# Supplied data:
☆ ☆ ☆ ☆ ☆ ☆ ☆

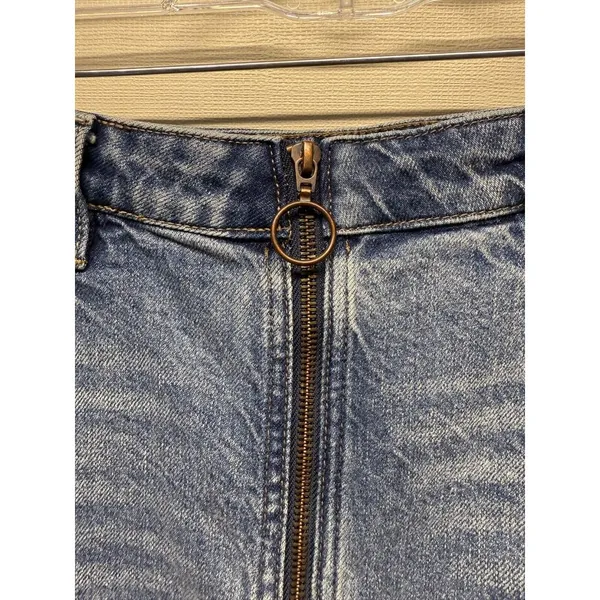 We The Free Full Zip Front Skirt‎ Women Sz 29 Blue Denim Mini Grunge Raw Hem - Image 4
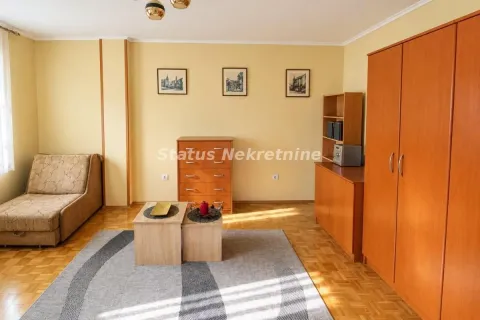 Dnevna soba sa drvenim nameštajem, trosedom i tepihom. - image 7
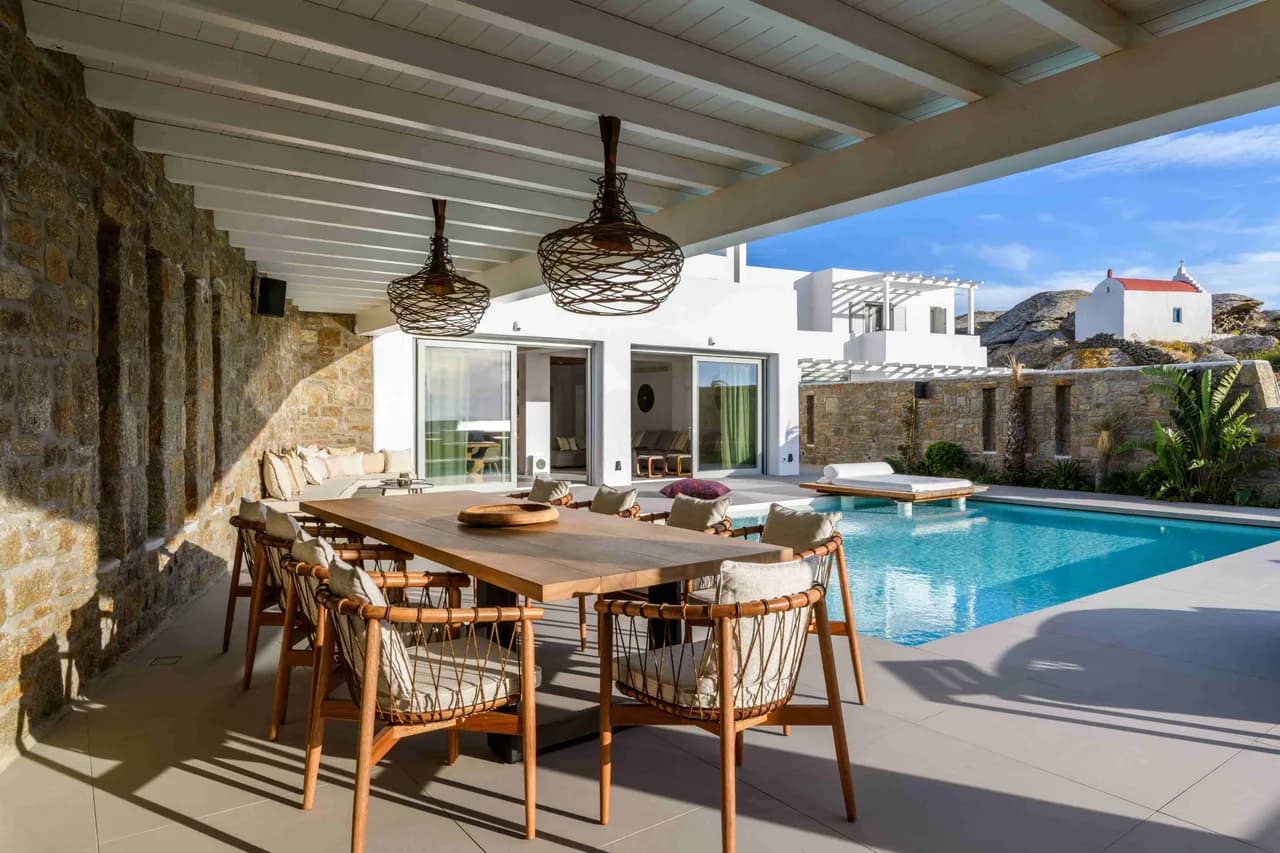 Sleek Minimalistic Villa With Jacuzzi and Swimming Pool photo 2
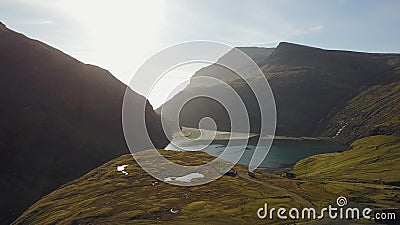 Dänemark, Färöer -, 14 kann 2017: Atlantische Nordinseln am Sonnentag des Frühlinges Kleines Dorf auf den Küste Paaren stock footage Dänemark, Färöer -, 14 kann 2017: Atlantische Nordinseln am Sonnentag des Frühlinges Kleines Dorf auf den Küste Paaren stock footage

☆ ☆ ☆ ☆ ☆ ☆ ☆

# Action item:
Any picture in the material is to be dropped; the rest is repeated exactly.

# Response area:
 We The Free Full Zip Front Skirt‎ Women Sz 29 Blue Denim Mini Grunge Raw Hem - Image 4
 Dnevna soba sa drvenim nameštajem, trosedom i tepihom. - image 7
 Sleek Minimalistic Villa With Jacuzzi and Swimming Pool photo 2
 Dänemark, Färöer -, 14 kann 2017: Atlantische Nordinseln am Sonnentag des Frühlinges Kleines Dorf auf den Küste Paaren stock footage Dänemark, Färöer -, 14 kann 2017: Atlantische Nordinseln am Sonnentag des Frühlinges Kleines Dorf auf den Küste Paaren stock footage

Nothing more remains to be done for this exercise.